А чего нельзя найти — того и нельзя искать, сказал Вл. Соловьев. Он же сказал слова, которые не могут остаться непонятыми, если они могли быть произнесены:
‘Торжество вечной жизни — вот окончательный смысл вселенной. Содержание этой жизни есть внутреннее единство всего, или — Любовь, ее форма — Красота, ее условие — Свобода’.

КОММЕНТАРИИ

Впервые: Последние Новости. Париж, 1925. 18 июня. No 1579. С. 2-3, 25 июня. No 1585. С. 2-3, 2 июля. No 1591. С. 2-3. Вариант статьи опубликован под названием ‘Искусство и любовь’ в журнале ‘Опыты’ (Нью-Йорк, 1953. No 1).
Вейнингер Отто (1880-1903) — австрийский философ и писатель, автор книги ‘Пол и характер’ (1903, рус. перевод 1909).
Пер Гюнт — герой одноименной философско-символической драмы (1867) норвежского драматурга Г. Ибсена. Сольвейг — деревенская девушка, ушедшая из семьи за всеми отвергнутым Пер Гюнтом.
‘Женщина с Моря’ (1888) — пьеса Г. Ибсена, известная в России также под названием ‘Дочь моря’.
Ревекка, Росмер — персонажи из драмы Г. Ибсена ‘Росмерсхольм’ (1866). В 1905 г. поставлена петербургским театром В. Ф. Комиссаржевской, а в 1908 г. Московским художественным театром.
…’Любите жизнь раньше смысла ее’… — слова Ивана Карамазова в главе ‘Братья знакомятся’ романа ‘Братья Карамазовы’ (1878—1880): ‘Жизнь полюбить больше, чем смысл ее’.

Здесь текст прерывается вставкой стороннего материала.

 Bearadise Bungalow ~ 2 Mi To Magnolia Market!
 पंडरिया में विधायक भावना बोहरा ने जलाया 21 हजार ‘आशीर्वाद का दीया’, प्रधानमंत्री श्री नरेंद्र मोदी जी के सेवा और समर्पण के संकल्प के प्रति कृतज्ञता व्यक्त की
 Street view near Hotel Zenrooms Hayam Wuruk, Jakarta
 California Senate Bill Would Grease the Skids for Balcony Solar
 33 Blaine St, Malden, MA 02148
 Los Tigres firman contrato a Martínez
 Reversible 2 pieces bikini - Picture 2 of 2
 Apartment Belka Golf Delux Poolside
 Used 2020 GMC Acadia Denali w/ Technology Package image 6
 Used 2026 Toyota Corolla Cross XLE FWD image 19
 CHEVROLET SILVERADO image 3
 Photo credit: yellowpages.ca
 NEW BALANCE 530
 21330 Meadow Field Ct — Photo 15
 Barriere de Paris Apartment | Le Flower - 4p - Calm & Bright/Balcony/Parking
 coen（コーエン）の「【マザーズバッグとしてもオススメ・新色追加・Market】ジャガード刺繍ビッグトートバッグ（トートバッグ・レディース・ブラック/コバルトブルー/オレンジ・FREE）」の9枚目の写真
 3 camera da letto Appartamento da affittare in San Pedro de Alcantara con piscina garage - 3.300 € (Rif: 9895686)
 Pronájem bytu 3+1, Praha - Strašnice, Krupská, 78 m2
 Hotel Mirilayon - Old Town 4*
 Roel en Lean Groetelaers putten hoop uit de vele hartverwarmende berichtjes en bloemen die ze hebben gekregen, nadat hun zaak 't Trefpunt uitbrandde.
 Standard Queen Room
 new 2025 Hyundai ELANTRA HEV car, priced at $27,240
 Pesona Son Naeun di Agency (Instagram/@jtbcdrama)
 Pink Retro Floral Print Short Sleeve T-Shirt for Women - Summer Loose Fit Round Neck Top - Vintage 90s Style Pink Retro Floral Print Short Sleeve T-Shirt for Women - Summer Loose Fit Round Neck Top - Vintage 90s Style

Грушенька — героиня романа ‘Братья Карамазовы’ Ф. М. Достоевского.
Раскольников и Соня — герои романа Достоевского ‘Преступление и наказание’ (1866).
‘Митина любовь’ — повесть И. А. Бунина была опубликована в ‘Современных Записках’ (1925. No 23, 24).
Деренн Шарль (1882—1930) — французский писатель. Роман ‘Га-би, любовь моя’ вышел в Париже в 1914 г.
Sainte-Beuve (Сент-Бёв) Шарль Огюстен (1804-1869) — французский критик и поэт. О романе И. В. Гете ‘Страдания молодого Вертера’ (1774) Сент-Бёв писал в своем сборнике ‘Литературно-критические портреты’ (1832).
…’не напрасный, не случайный’… — слова митрополита Филарета по поводу стихотворения А. С. Пушкина ‘Дар напрасный, дар случайный’ (1828).